Disorders of gene structure or gene expression can cause abnormalities in cell growth and differentiation, thereby causing cancer and having a malicious biological behavior. Generally, these are mechanisms that lead to gene silencing, mutation, genomic deletion and promoter methylation. Mutation screening is always performed by PCR-SSCP. At present, this technique has been used for detecting the known mutation hot-spots, screening of unknown mutations and analyzing of the gene mutation and cancer suppressing gene (20). The present study assessed 63 specimens of Chinese human colon cancer tissue via PCR-SSCP. The results indicated that the nm23 gene mutation does not serve the dominant role in the metastasis of colon cancer.
A previous study demonstrated that treatment with 5-aza-2-deoxycytidine reduces the expression of Nm23-H1, which causes hypermethylation in the nm23-H1 promoter (17,21). Protein arginine methyltransferase 5 (PRMT5) methylates histones H3 at the nm23 promoter region and inhibits methylation of H3K9. PRMT5 regulates cell growth and proliferation by modulating the expression of nm23 (22). As with the previous studies, it is not possible to determine the mechanism of nm23 responsible for the regulation of cell growth and proliferation involved in tumor suppression.
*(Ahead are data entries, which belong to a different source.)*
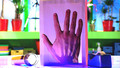 Nina and the Neurons Go Inventing: 24. Extraordinary X-Rays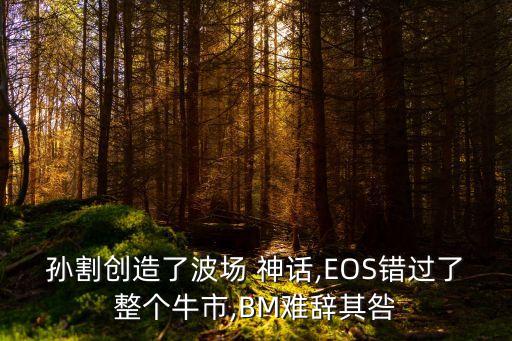 孫割創(chuàng)造了波場(chǎng) 神話,EOS錯(cuò)過(guò)了整個(gè)牛市,BM難辭其咎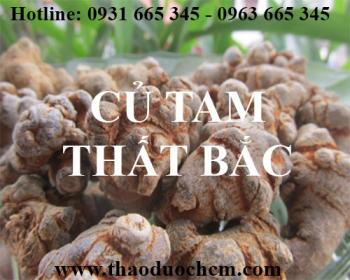 Mua bán củ tam thất bắc tại huyện đông anh có tác dụng giảm đau bụng kinh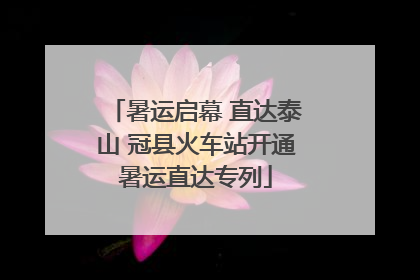 暑运启幕 直达泰山 冠县火车站开通暑运直达专列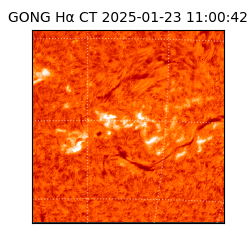 gong - 2025-01-23T11:00:42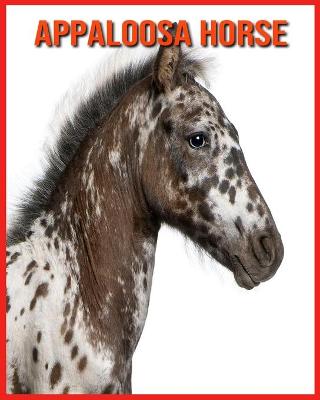 Book cover for Appaloosa Horse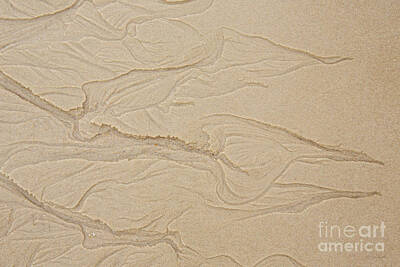 Andy Fisher Test Collection - Ocean Sand Art Hearts Left Side by Iris Richardson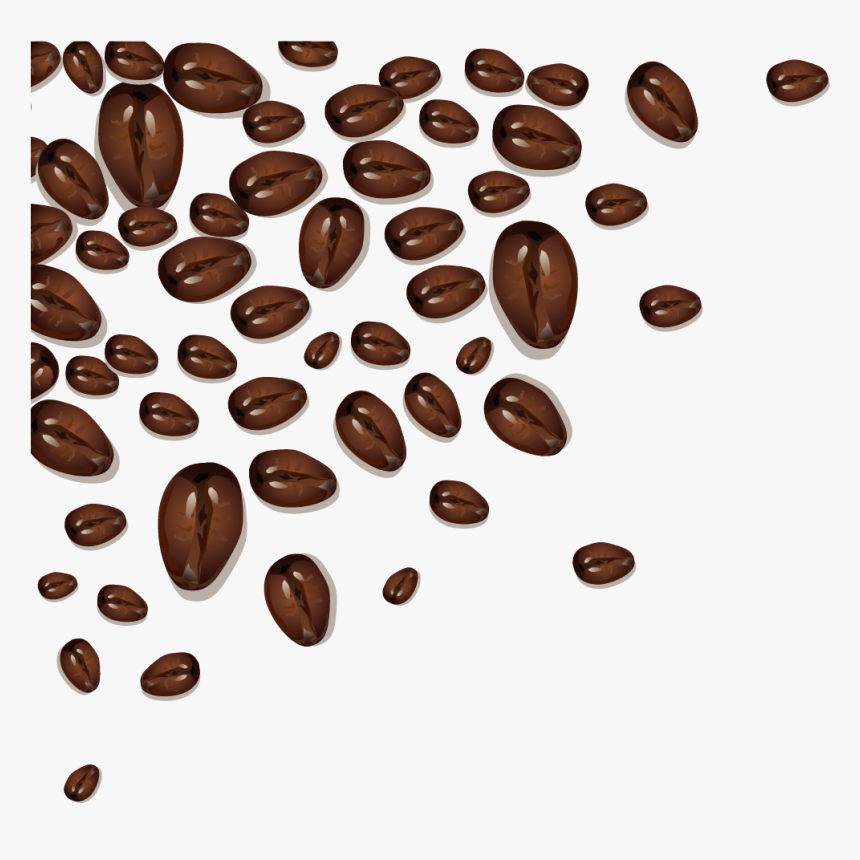 Coffee Bean Cafe Cocoa Bean Cocoa Bean Clipart, HD Png Download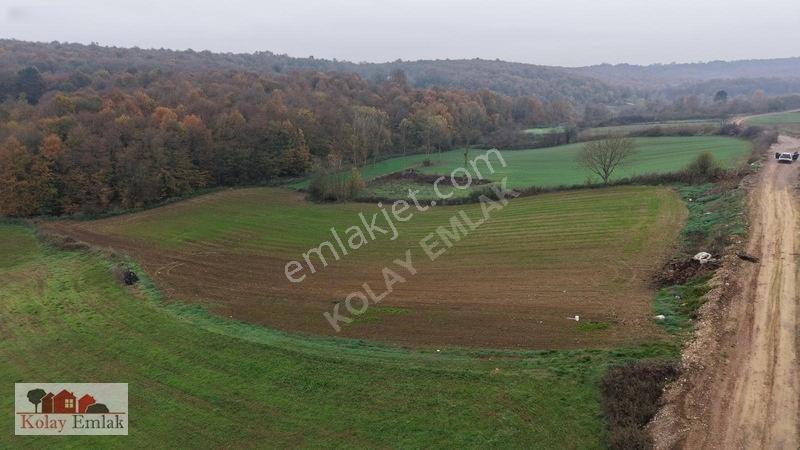Kerpe Sahiline 2 Km | 6.758 M² | %5 İmarlı | Yola Cephe — fotoğraf 12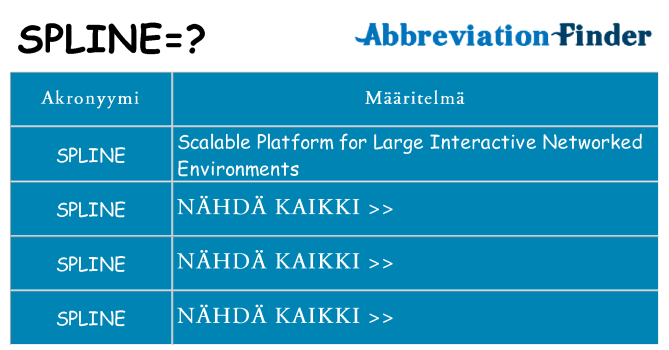 Mitä spline tarkoittaa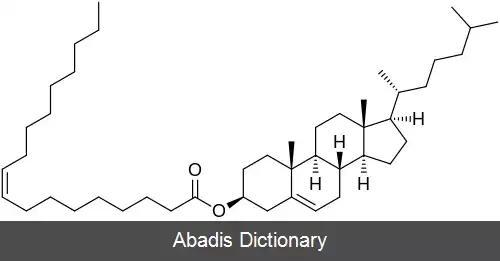 عکس کلستریل استر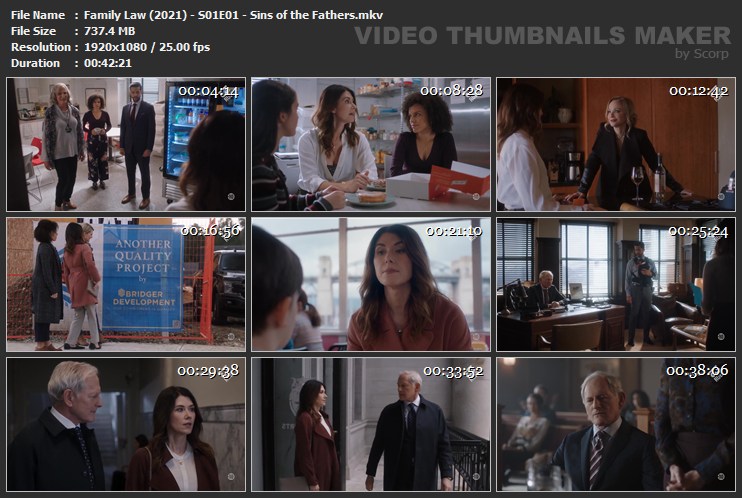 Family Law (2021) - S01E01 - Sins of the Fathers.mkv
The mechanisms by which nm23-H1 exerts its metastasis-suppressor functions involve multiple pathways, which remain to be elucidated (23,24).
Although colon cancer metastasis may be due to other genes or due to the methylation of the control portion of nm23 gene, the mechanism of the nm23 as a suppressor gene is more complicated than previously hypothesized. Further research is required to fully understand the mechanism and to identify its role in the cancer process.
The present study was supported by Shanghai Pudong Science and Technology Commission of China. (no. PKJ2014-Y23).